-- Activity --
Repeat the whole listing. Keep it exact.
*****
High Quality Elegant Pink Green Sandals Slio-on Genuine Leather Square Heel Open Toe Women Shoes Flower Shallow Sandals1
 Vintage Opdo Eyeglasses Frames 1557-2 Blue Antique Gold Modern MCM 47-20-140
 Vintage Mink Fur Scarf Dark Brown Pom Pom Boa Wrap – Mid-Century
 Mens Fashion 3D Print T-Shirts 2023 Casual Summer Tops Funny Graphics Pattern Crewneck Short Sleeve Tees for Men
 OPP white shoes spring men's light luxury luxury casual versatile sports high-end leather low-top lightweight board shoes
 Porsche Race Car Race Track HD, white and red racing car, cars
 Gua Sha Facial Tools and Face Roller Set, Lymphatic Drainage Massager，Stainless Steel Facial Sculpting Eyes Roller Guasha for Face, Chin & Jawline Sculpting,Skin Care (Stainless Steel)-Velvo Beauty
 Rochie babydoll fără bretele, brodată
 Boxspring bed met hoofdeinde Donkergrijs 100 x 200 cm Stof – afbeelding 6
*****
-- Task output --
High Quality Elegant Pink Green Sandals Slio-on Genuine Leather Square Heel Open Toe Women Shoes Flower Shallow Sandals1
 Vintage Opdo Eyeglasses Frames 1557-2 Blue Antique Gold Modern MCM 47-20-140
 Vintage Mink Fur Scarf Dark Brown Pom Pom Boa Wrap – Mid-Century
 Mens Fashion 3D Print T-Shirts 2023 Casual Summer Tops Funny Graphics Pattern Crewneck Short Sleeve Tees for Men
 OPP white shoes spring men's light luxury luxury casual versatile sports high-end leather low-top lightweight board shoes
 Porsche Race Car Race Track HD, white and red racing car, cars
 Gua Sha Facial Tools and Face Roller Set, Lymphatic Drainage Massager，Stainless Steel Facial Sculpting Eyes Roller Guasha for Face, Chin & Jawline Sculpting,Skin Care (Stainless Steel)-Velvo Beauty
 Rochie babydoll fără bretele, brodată
 Boxspring bed met hoofdeinde Donkergrijs 100 x 200 cm Stof – afbeelding 6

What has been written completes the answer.